*** Opening of Provided material ***

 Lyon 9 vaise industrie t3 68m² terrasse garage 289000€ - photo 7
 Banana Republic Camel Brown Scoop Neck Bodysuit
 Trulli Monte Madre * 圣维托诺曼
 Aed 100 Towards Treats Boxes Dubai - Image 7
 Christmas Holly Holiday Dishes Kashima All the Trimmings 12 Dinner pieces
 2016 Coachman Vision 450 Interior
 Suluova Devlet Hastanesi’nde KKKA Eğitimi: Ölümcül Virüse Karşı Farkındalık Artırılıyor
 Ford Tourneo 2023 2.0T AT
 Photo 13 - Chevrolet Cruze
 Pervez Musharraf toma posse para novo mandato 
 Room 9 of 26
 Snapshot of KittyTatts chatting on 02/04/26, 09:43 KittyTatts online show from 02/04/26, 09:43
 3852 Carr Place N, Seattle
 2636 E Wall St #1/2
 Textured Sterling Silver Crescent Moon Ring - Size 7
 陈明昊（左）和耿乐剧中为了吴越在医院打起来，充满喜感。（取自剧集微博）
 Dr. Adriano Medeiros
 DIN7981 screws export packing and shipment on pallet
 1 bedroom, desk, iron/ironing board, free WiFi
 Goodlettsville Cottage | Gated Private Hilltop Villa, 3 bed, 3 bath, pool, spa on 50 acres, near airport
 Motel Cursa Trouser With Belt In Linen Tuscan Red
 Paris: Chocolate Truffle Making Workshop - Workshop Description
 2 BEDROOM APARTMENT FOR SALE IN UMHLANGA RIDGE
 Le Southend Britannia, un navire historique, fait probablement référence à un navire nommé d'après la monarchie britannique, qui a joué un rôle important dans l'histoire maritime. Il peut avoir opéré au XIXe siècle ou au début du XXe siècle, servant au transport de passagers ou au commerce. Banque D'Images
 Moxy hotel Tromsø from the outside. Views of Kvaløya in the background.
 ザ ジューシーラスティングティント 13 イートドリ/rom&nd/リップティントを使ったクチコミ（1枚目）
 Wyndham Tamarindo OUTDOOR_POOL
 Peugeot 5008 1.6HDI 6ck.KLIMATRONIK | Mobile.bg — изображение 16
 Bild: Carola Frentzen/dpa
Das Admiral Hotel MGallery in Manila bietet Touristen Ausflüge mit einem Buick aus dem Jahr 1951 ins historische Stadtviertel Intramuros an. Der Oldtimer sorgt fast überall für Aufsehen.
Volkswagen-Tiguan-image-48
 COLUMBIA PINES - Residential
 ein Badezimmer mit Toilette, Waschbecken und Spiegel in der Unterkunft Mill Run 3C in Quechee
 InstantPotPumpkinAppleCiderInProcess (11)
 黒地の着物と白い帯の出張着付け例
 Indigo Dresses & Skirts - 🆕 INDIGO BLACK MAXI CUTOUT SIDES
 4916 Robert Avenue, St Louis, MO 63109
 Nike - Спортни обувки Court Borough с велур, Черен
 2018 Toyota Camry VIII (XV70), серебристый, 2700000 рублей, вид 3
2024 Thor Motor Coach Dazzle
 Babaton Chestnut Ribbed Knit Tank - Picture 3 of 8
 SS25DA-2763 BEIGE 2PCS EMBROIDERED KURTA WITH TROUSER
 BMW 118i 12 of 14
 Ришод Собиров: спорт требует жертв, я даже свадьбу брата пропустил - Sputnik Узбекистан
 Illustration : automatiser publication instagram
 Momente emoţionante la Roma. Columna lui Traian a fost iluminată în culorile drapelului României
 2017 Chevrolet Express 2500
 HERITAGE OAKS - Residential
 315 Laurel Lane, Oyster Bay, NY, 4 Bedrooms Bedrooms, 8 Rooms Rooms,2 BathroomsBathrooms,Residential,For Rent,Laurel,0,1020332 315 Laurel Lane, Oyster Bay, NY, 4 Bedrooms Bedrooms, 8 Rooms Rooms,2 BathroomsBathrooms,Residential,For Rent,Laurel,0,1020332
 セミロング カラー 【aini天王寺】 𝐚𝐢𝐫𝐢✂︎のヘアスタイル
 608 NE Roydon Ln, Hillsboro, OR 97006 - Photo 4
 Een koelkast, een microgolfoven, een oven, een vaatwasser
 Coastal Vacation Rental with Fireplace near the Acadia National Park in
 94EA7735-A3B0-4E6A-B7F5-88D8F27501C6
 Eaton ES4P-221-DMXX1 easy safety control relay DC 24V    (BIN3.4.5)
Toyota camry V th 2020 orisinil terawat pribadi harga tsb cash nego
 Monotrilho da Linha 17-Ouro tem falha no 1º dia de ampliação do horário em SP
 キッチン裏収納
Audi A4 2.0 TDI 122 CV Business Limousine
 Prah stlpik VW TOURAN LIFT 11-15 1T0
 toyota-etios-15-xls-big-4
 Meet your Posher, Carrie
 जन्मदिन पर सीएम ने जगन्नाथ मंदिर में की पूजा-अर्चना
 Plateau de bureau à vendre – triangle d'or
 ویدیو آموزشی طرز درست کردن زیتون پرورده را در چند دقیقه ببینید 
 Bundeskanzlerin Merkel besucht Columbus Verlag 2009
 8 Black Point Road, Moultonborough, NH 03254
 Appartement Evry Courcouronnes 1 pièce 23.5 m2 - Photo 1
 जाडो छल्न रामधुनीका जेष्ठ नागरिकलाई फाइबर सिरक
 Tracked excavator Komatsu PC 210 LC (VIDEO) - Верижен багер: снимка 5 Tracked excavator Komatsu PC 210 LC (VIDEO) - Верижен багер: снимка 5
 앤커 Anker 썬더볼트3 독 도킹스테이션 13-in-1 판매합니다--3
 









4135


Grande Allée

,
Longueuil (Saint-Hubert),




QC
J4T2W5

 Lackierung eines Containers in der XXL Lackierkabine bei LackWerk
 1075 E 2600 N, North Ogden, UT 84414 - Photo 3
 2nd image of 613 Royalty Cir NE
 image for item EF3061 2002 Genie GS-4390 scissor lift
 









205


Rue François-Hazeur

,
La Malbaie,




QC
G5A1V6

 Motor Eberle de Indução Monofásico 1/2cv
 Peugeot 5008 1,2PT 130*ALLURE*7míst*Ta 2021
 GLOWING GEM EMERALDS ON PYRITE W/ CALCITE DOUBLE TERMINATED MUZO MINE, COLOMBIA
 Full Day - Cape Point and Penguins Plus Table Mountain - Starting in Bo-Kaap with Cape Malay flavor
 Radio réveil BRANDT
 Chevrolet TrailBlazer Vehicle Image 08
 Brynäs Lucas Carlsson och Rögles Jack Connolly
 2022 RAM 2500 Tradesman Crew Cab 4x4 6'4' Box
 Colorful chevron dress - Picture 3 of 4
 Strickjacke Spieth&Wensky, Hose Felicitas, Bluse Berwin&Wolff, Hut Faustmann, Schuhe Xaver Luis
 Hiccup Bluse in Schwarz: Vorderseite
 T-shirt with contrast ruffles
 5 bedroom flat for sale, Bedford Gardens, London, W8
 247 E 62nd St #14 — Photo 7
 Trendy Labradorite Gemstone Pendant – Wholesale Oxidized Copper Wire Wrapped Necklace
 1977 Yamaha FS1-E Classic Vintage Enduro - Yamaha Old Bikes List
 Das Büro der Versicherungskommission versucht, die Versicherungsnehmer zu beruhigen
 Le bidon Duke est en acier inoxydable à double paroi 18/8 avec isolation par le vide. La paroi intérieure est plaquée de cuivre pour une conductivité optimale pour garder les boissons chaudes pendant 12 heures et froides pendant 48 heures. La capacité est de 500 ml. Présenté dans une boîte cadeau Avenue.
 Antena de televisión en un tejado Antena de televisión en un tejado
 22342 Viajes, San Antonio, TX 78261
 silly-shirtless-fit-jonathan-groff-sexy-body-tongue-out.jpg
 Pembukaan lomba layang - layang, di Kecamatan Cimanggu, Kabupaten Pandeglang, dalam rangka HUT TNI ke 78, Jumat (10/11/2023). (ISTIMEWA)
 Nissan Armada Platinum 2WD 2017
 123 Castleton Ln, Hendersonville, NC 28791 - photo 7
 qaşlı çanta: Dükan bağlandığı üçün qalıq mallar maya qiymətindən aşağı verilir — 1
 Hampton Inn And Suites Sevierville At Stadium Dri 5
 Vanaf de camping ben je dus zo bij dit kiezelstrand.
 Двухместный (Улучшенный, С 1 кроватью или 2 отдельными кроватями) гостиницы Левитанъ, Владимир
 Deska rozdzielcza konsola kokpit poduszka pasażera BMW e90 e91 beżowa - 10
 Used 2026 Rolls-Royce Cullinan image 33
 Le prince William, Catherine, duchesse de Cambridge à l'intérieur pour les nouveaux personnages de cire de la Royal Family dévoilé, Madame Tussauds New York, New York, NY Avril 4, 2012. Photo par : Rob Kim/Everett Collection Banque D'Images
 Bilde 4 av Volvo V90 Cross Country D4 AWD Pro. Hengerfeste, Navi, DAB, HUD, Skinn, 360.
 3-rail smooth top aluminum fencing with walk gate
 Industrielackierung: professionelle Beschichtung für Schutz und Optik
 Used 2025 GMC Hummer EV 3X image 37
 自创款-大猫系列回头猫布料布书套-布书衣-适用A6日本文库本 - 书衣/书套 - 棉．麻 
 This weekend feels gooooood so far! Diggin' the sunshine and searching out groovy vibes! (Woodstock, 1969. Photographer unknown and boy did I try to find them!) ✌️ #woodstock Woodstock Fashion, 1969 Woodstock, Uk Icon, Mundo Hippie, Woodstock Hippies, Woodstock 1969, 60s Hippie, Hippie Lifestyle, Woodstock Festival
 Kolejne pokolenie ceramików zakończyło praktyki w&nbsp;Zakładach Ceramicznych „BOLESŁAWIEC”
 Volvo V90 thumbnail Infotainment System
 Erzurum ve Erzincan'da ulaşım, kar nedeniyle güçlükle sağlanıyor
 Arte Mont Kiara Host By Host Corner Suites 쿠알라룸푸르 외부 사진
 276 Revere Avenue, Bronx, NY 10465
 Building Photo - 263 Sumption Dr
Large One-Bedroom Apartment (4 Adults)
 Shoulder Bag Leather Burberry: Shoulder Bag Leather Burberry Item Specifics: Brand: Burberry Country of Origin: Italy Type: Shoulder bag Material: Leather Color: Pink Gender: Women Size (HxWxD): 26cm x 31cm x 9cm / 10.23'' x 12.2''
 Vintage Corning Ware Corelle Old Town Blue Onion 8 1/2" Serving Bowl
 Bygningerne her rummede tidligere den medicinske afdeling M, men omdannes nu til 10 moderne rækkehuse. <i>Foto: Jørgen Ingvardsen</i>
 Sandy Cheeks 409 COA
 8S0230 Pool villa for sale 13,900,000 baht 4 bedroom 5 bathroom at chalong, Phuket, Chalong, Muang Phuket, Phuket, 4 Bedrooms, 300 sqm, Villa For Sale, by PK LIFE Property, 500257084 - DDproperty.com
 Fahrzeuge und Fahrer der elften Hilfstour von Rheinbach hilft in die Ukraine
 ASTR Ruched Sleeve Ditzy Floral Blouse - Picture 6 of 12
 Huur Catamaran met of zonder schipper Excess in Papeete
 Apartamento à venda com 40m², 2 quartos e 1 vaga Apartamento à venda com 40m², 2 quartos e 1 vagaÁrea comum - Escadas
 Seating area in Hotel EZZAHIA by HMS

*** Close of Provided material ***

→ **About this exercise**
Working from the data above, extract solely the lines from the one containing "1 bedroom, desk, iron/ironing" through the one containing "Peugeot 5008 1.6HDI", exactly as they appear, both included.

→ **Exercise output**
 1 bedroom, desk, iron/ironing board, free WiFi
 Goodlettsville Cottage | Gated Private Hilltop Villa, 3 bed, 3 bath, pool, spa on 50 acres, near airport
 Motel Cursa Trouser With Belt In Linen Tuscan Red
 Paris: Chocolate Truffle Making Workshop - Workshop Description
 2 BEDROOM APARTMENT FOR SALE IN UMHLANGA RIDGE
 Le Southend Britannia, un navire historique, fait probablement référence à un navire nommé d'après la monarchie britannique, qui a joué un rôle important dans l'histoire maritime. Il peut avoir opéré au XIXe siècle ou au début du XXe siècle, servant au transport de passagers ou au commerce. Banque D'Images
 Moxy hotel Tromsø from the outside. Views of Kvaløya in the background.
 ザ ジューシーラスティングティント 13 イートドリ/rom&nd/リップティントを使ったクチコミ（1枚目）
 Wyndham Tamarindo OUTDOOR_POOL
 Peugeot 5008 1.6HDI 6ck.KLIMATRONIK | Mobile.bg — изображение 16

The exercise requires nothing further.